Por supuesto, nadie se engaña. Aceptar la propuesta de López Obrador no sólo equivaldría a una suerte de renuncia anticipada del Presidente, sino al reconocimiento de que el gobierno ya no puede lidiar con los problemas que están circundando al país. En México no hay régimen parlamentario ni el Presidente es el rey. De modo que integrar un gobierno plural en el último tercio de este sexenio supondría derrotar al PRI mucho antes de los comicios.

En contrapartida, rechazar de plano el mensaje del diálogo y la reconciliación entre partidos y grupos sociales supone cerrar una puerta a la pluralidad política que está en la base del régimen democrático. En palabras del presidente Peña Nieto, desde la firma del Pacto por México, había llegado el momento de “transitar del sufragio efectivo al gobierno eficaz. En este propósito, los actores políticos deben, o debemos, caminar juntos. (…) Se necesita que la pluralidad y la diferencia de visiones, en lugar de ser obstáculo, permitan el ascenso de México”. Hoy es López Obrador quien dice casi lo mismo, pero en circunstancias completamente distintas.

Si las palabras que han empleado ambos políticos para hacer avanzar sus deseos fueran sinceras, lo menos que podría pedirse al Presidente de la República es que vuelva a convocar a los partidos políticos para tratar de hacer frente a los desafíos de este fin de sexenio y evitar que “la diferencia de visiones se vuelva un obstáculo para el ascenso de México”. Y López Obrador, por su parte, no podría seguirse negando a ese acuerdo, ni imponerle más condiciones que las del “diálogo y la reconciliación”, en aras de la tranquilidad y la paz social. Si hubiesen sido sinceros, digo, al menos ya habrían intentado un par de llamadas.

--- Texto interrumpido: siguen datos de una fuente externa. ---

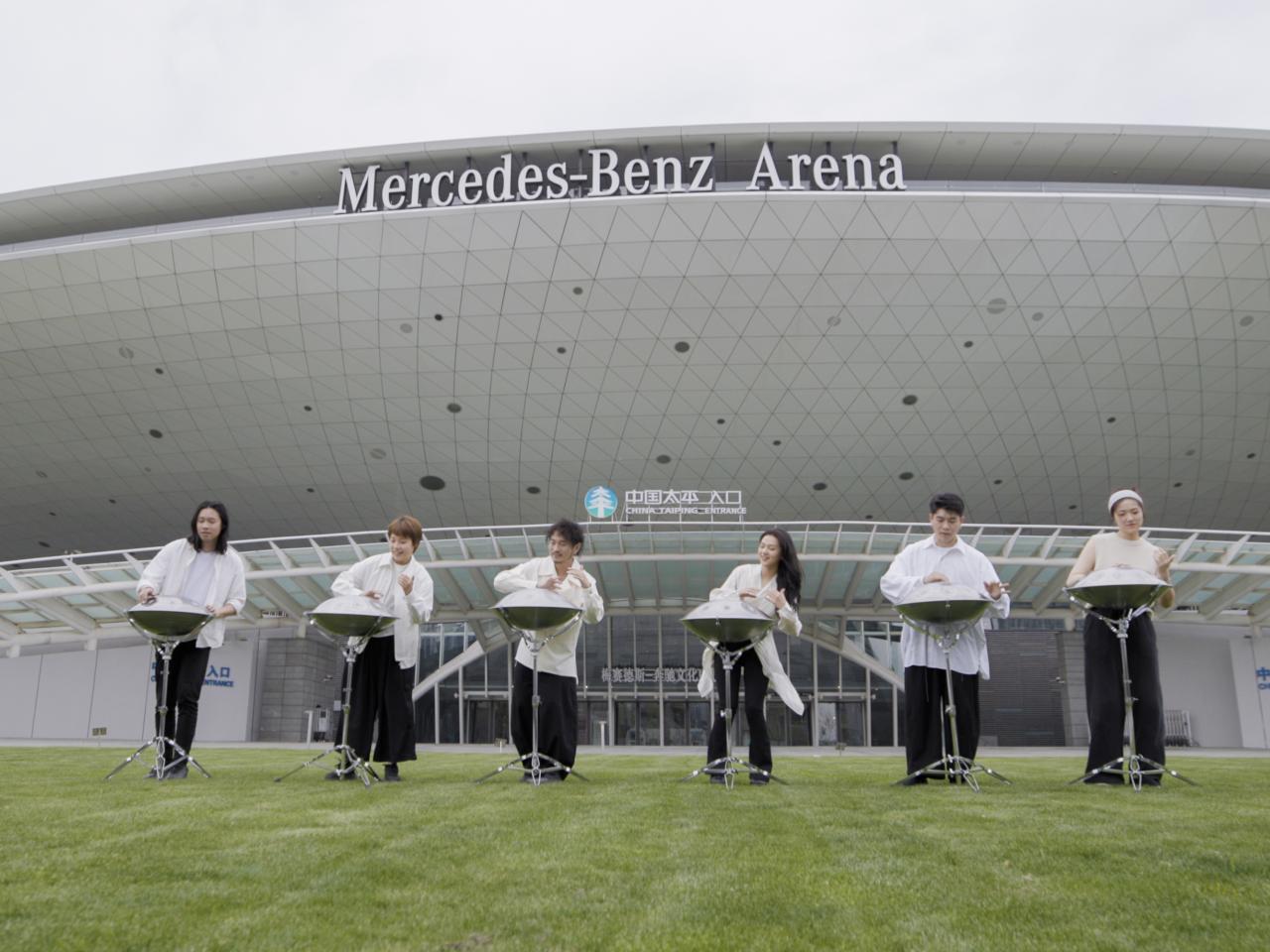 AETHER performing in front of Mercedes-Benz Arena Shanghai.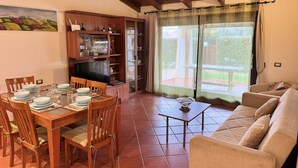 A dining area with a wooden table set for four, a television, and a cabinet with glass doors.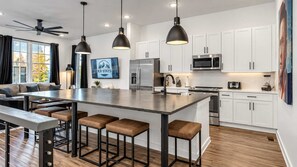 A modern kitchen with white cabinets, a central island with stools, and a ceiling fan.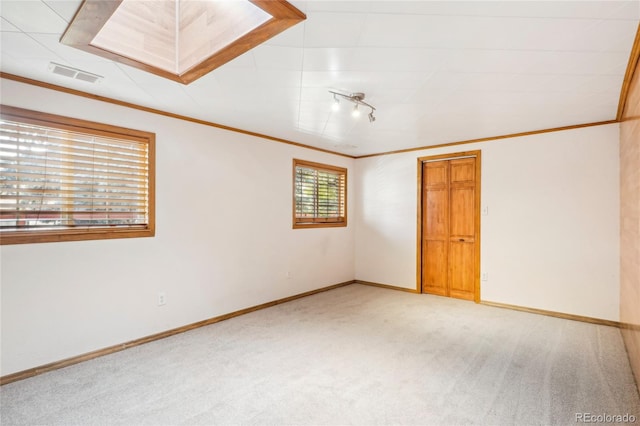 unfurnished bedroom featuring carpet and crown molding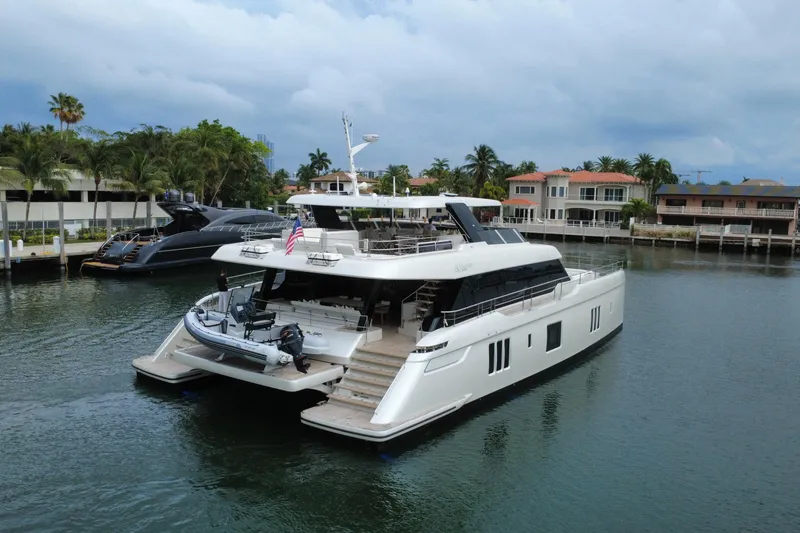 Slide: The Image of 2024 Sunreef 80 Power yacht docked in a scenic waterfront setting. - 21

Por otra parte, aunque López Obrador se ha ganado a pulso el lugar principal para hacer posible que las izquierdas de México vuelvan a competir con éxito en las próximas elecciones, también tiene las llaves para desmantelarlas. Si de veras se tratara de dialogar y reconciliarse en busca de las mejores opciones para el país, este buen juez tendría que comenzar por su casa.

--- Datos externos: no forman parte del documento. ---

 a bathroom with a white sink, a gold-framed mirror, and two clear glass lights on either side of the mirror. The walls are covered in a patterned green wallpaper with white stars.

Hoy el PRD está afrontando la peor crisis de toda su historia, entre otras razones, por el ascenso de Morena, mientras que Movimiento Ciudadano está tratando de buscar aliados fuera del régimen de partidos para conservar un lugar en el escenario político de 2018 y el PT de jalar oxígeno de sobrevivencia, en tanto que un muy amplio grupo de organizaciones sociales y de personas que comparten las causas de la igualdad en todos los planos, los derechos humanos, la honestidad y la transparencia, han visto clausurada cualquier posibilidad razonable de construir una agenda común, bloqueadas sistemáticamente por el liderazgo vertical e intocable del creador de Morena. Para todos esos grupos, la fragmentación es simplemente una tontería. Pero forjar alianzas ha sido imposible, en buena medida, porque López Obrador suele confundir la disidencia con la traición. Y así no se puede.

Con todo, me pregunto qué pasaría si las palabras de unos y otros fueran verdad. ¿No sería mejor el horizonte democrático del país si la oferta de diálogo, reconciliación y armonía fueran sinceras? Pero hechos son amores, no buenas razones.